It’s difficult to understand why Havant BC has set its Housing Plan’s 6 week Consultation period - that ends on September 9th - during the primary annual holiday month when so many traditionally holiday away. Equally whatever the reasons for the reduced Borough wide exhibition times, such holiday timing is prejudicial to residents’ having a meaningful consultation. Highly significant also is that many attending Hayling’s Exhibition told the Officers that they only knew about it thanks to HIRA’s routine member emails and our Noticeboard poster; this highlights the Council’s inadequate communication to ordinary residents on a matter of huge impact on the Island.
HIRA’s briefing by Planning Officers underlined that all Authorities are being driven by central Government’s PUSH, Programme for Urban South Hampshire and IOW, which follows the National Planning Policy Framework (NPPF) determination of housing need. Importantly, if Local Authorities do not comply, national Government will over-ride them. Local Plan for 2036 gives Havant Borough’s housing need figure, on the basis of past trends, as 11,250 or 450 new homes a year; new housing ‘in the pipeline’ is 6,447, leaving a shortfall of 4,803. Apparently 49% of the borough population will be 60+ by 2036. Our Planning Officers assure us that they will take seriously every response but it is vital to make specific points as rejecting all development will be ineffective.
HIRA sent our members summaries of objections based on previous Inspectors’ Reports amongst others. Here are some key issues your responses may wish to include:
In 1985 Havant BC’s Director of Technical Services wrote of the A3023 that “this narrow, overlong cul-de-sac is carrying about two and a half times its theoretical capacity and the present daily flow justifies improvement”. It continues “In the last ten years traffic has increased on the A3023 by 50%”. “DoT forecast (a traffic increase) over the period 1976 – 2020 of 78.6% against the 46.1% previously given”. No improvements affecting flow on/off the Island were made.
The latest count for Langstone Bridge (July 2016) shows that the annual average daily traffic flow is 25,000 vehicles. This for a road that Highway’s Agency figures show should be no more than 13,000 and was already stated to be overloaded in 1985.
Hayling still has no satisfactory Emergency Access provision eg in the event of Bridge damage.
Hayling’s recreational value to the region continues to be ignored: there is no provision for cyclists on the A3023 and it is unacceptable that coaches are re-routed via West Lane during blockages.
Utilities and Pumping Stations were built for a fraction of the current population.
How long is your own current Medical Surgery standard waiting time – where are the plans for another Surgery?
Exactly what difference does the increased age population make to the developments planned? So-called retirement flats proposed have failed to allocate sufficient space for cars, mobility scooters, nursing visits, increased services. This shows that such needs are not factored in to developments yet they drive the Plan.

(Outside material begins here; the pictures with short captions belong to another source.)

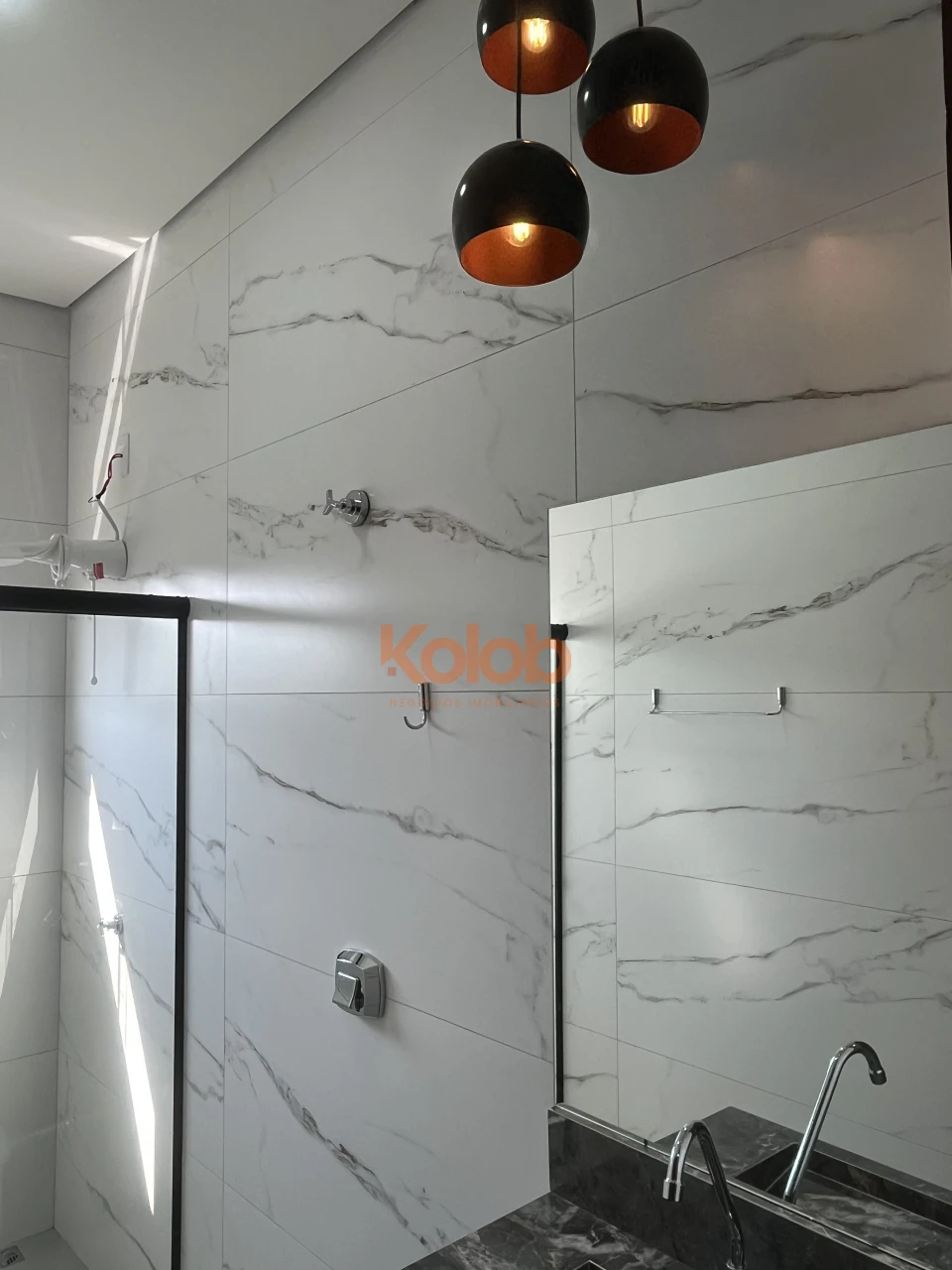 Imagens do imóveis Casa À Venda Sonhalto Videira Em Sinop/Mt Sinop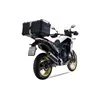 GPR Yamaha Tenere 700 2025/2026 e5 Plus E5.Y.232.1.DUAL.PO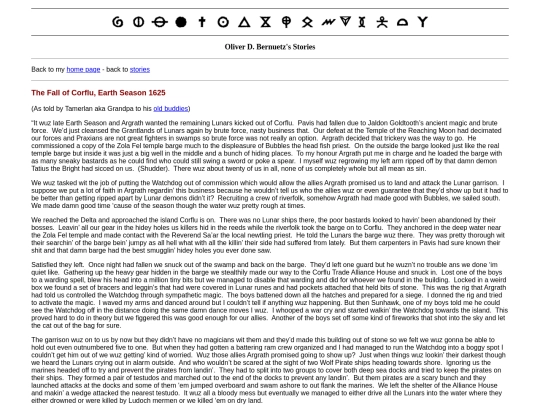 stories/corflu screenshot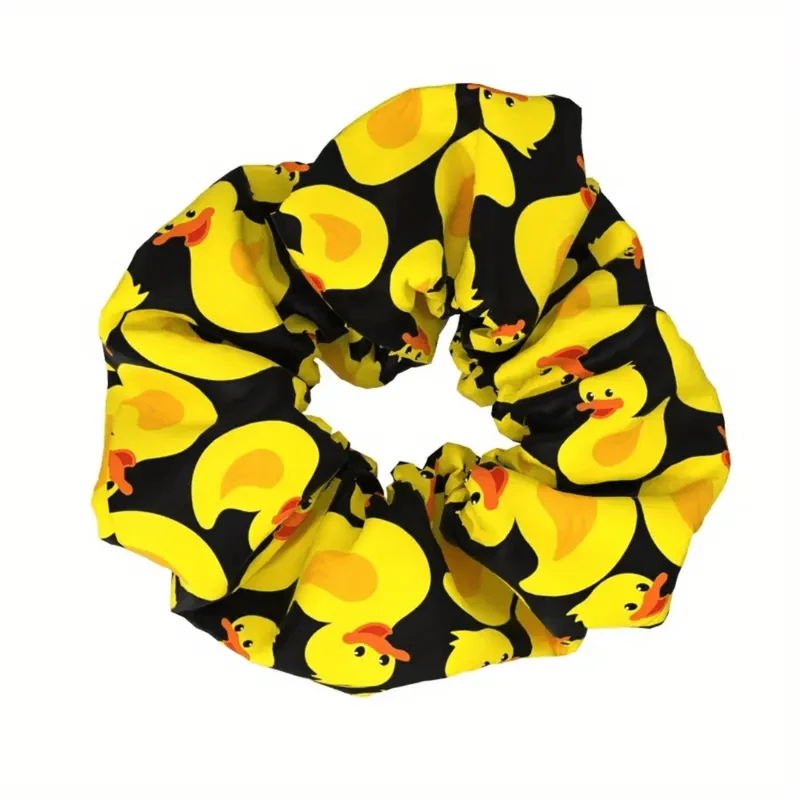 Enten-Haargummi´s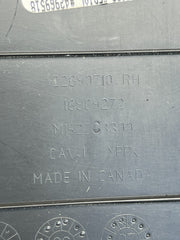 46190598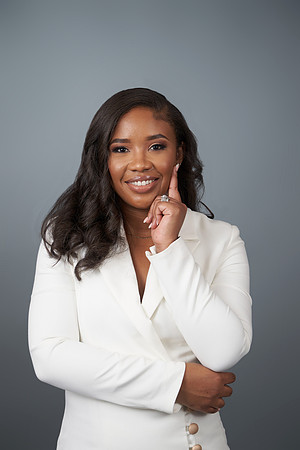 20220212_Tameka-Brown00144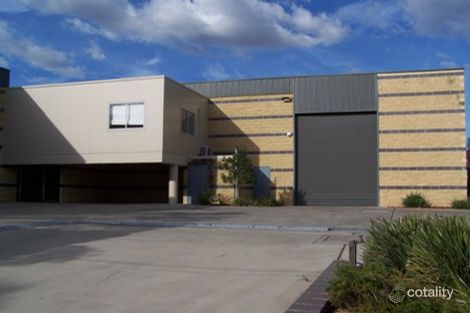 130 Delhi St, Lidcombe, NSW 2141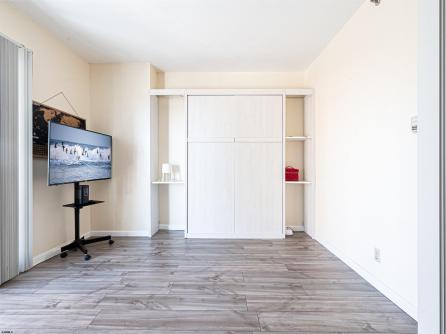 3101 Boardwalk #1107-1, 1107-1, Atlantic City, NJ, 08401 Aditional Picture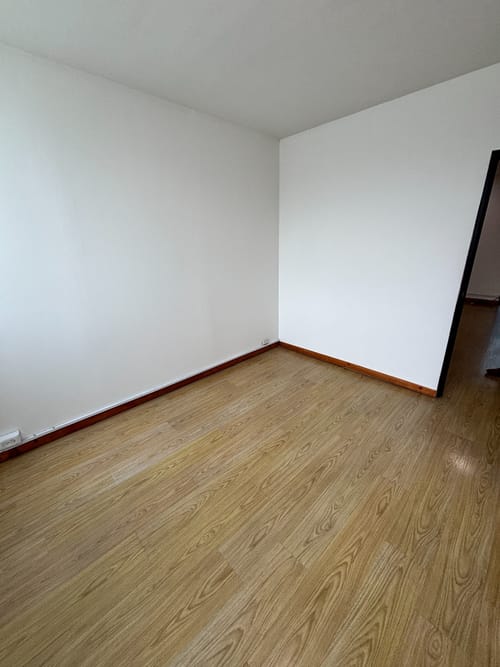 Edificio en venta en Laureles, Medellín, 1480 m² · foto 6 de 20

Exactly what proportion of current developments off Station Road and proposed developments provide single and family affordable housing?
Where will any young children play given the tiny gardens created off the current new developments? Station Road itself and Rook Farm access both involve frequent, heavily used main access roads.

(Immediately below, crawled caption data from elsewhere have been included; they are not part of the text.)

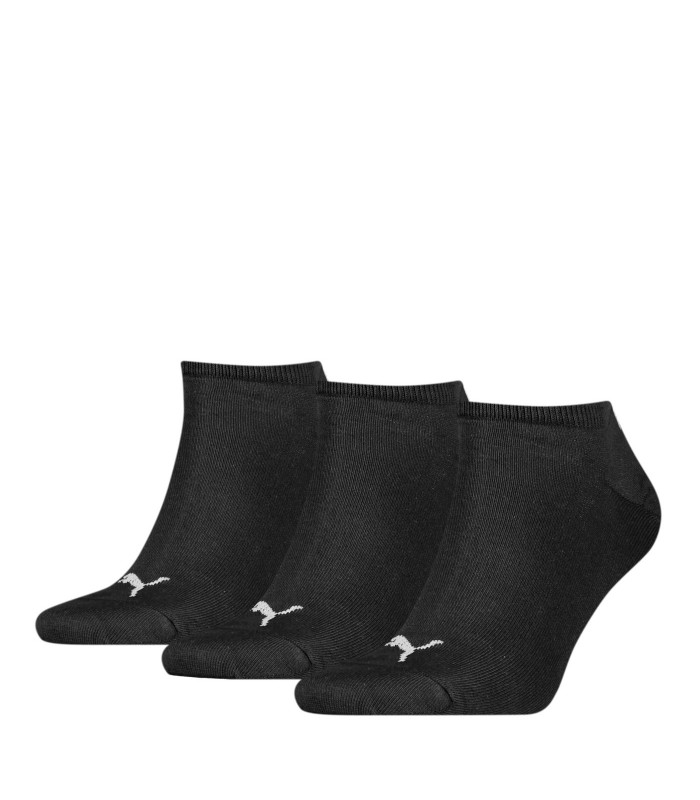 Puma женские носки, 3 пары 906807*01
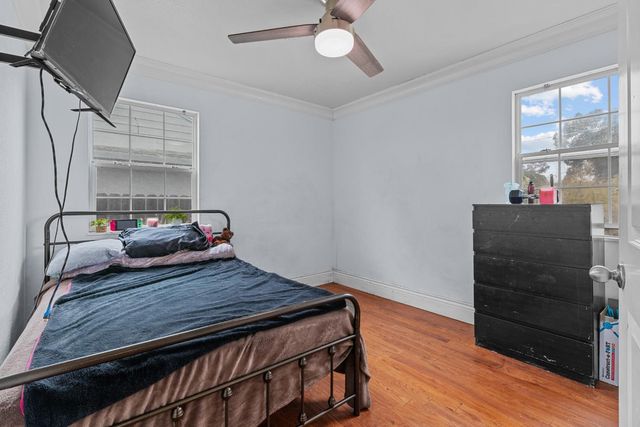 6136 McLaren Avenue, Sacramento, CA 95822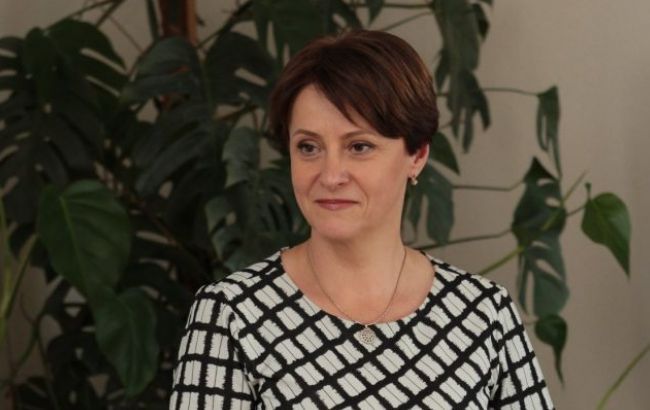 Податковий комітет Ради пропонує посилити відповідальність чиновників ДФС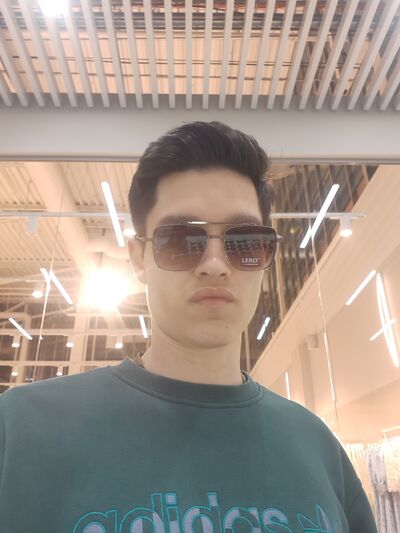  ,   , 23 ,   ,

Will HBC follow the Objectively-Assessed Housing Need Update (Apr 2016) by G L Hearn (OAN see link below) without regard to para. 1.8? This para.states: “The assessment of housing need is a policy of calculation. It does not take into account environmental or policy constraints or infrastructure or land capacities. The OAN figures are therefore not development plan targets.......Councils will need to consider Strategic Housing Market Assessment evidence carefully and take adequate time to consider whether there are ‘environment and policy constraints, such as greenbelt, which will impact on their overall final housing requirement”. The full OAN can be found on http://www.push.gov.uk/2c_objectively_assessed_housing_need_update.pdf
Proposed development sites are greenfield: can’t brownfield first be found?
1996 – 2011 alone, Hayling had 900 (over 30%) of the new housing completions in the Borough: about twice its share based on the then Borough population.